Sargent was a key member of the feminist group Grassroots Group of Second Class Citizens, an organization that supported the ratification of the Equal Rights Amendment (ERA). The group organized a Day of Rebellion in Illinois in 1982 and Sargent served as spokesperson for the group. Sargent was photographed wearing chains outside the Illinois State Senate by Anne Leibowitz and the photo ran in Life Magazine. When Sargent was asked by the press if she was concerned the direct action tactics might turn off some ERA supporters she replied, "It's too late for that...we're here to step up the confrontation." Sargent was photographed in 1982 with Sonia Johnson who was on a long term fast for the ERA at the Illinois state house.

== Support for LGBT rights ==
In 1979, Sargent participated in the first public march for LGBTQ rights in Washington, D.C. In the 1980s, she organized the Lavendar Women's Prairie Women's Center.

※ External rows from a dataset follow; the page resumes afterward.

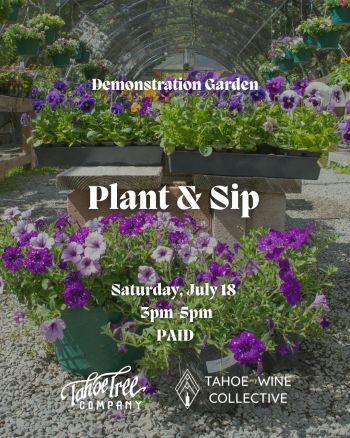Tahoe Tree Company, Demonstration Garden: Plant and Sip
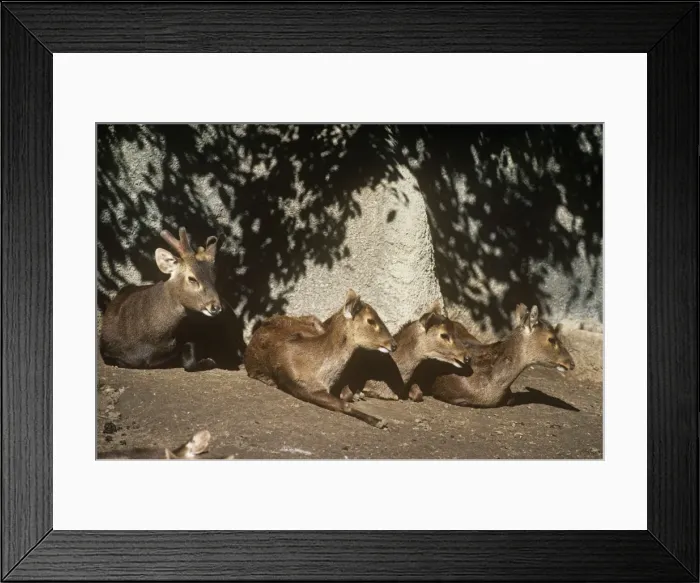 Framed Print : Bawean / Kuhl's Deer - male (left) and female deer resting Framed Print : Bawean / Kuhl's Deer - male (left) and female deer resting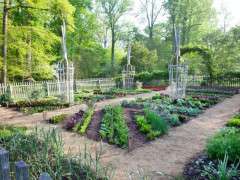 the vegetable garden is bursting with spring greens including lettuce beets spinach and chives lr image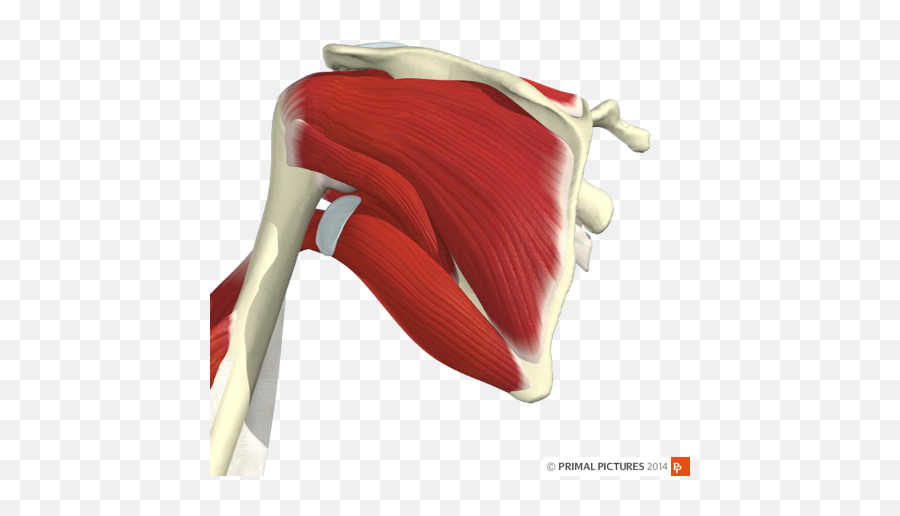 Infraspinatus A Friend Of Subscapularis U2013 Physiospot - Musculos Do Ombro Png Emoji,Emotions Shoulder Pain
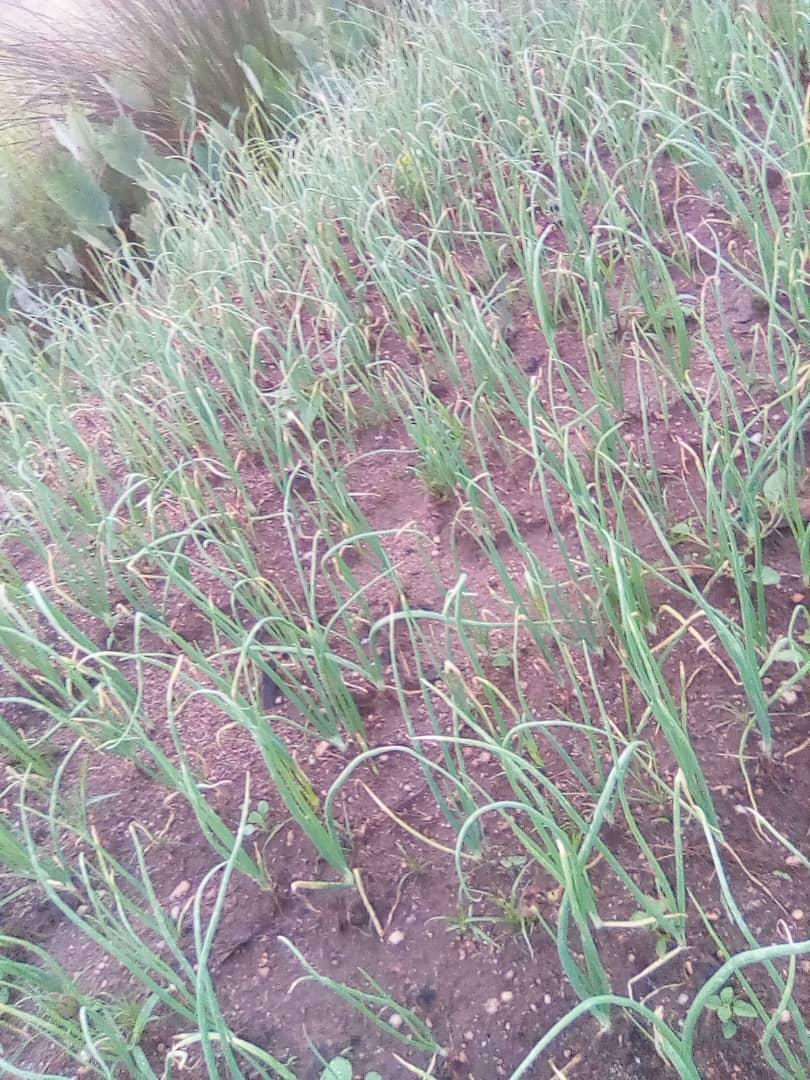 YEAN_Agro's tweet photo. Agriculture Could be cool as we wish, but sometimes when done without passion the farm experience pushes you out right at the first trial. If you want to venture in farming, love it, live it overcome the challenges, keep your head up and enjoy the vibes https://t.co/vWFlGphGxt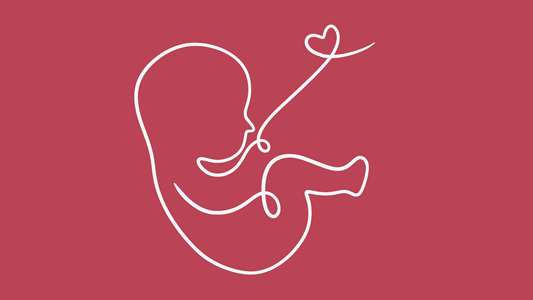 Escucha tu cuerpo: señales de fertilidad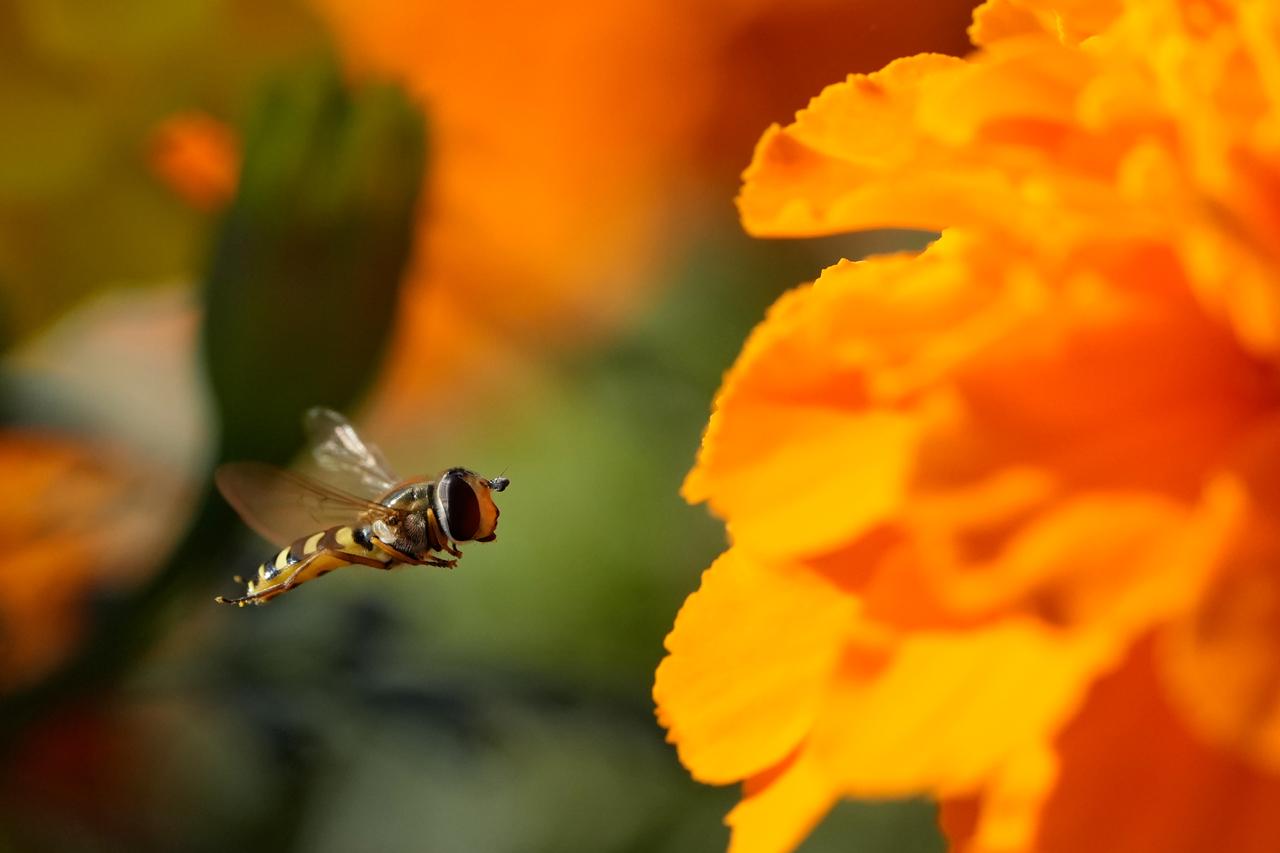 画像: アブの飛翔をクロップでとらえました。以前は多点測距の一眼レフで結構撮ったシーンなのですが、腕がすっかり鈍り寄り切れません。でも、被写体検出＆トラッキングAF＆プリシャッター撮影＆Gマスターレンズの描写力さらにトリミングで体裁は整ってしまうものですね。 ■絞りF5.6　1/1600秒　ISOオート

== Women Rising in Resistance ==
Sargent was a co-founder of the notable organization Women Rising in Resistance. The group was known for direct action feminist protests. It was created after the defeat of the ERA in Illinois in 1982.

== Personal life ==
Sargent was born in Texas in 1940. In the 1980s she lived in Champaign-Urbanan, Illinois. Sargent was a longtime professor of Women's Studies and History at Parkland College in Illinois. In 1984 she ran for a seat on the board of trustees for the University of Illinois.

In the early 1990s she spent a great deal of time in New Harmony, Indiana and was known for her love of prairie plants. Local residents referred to her as "Prairie Mary."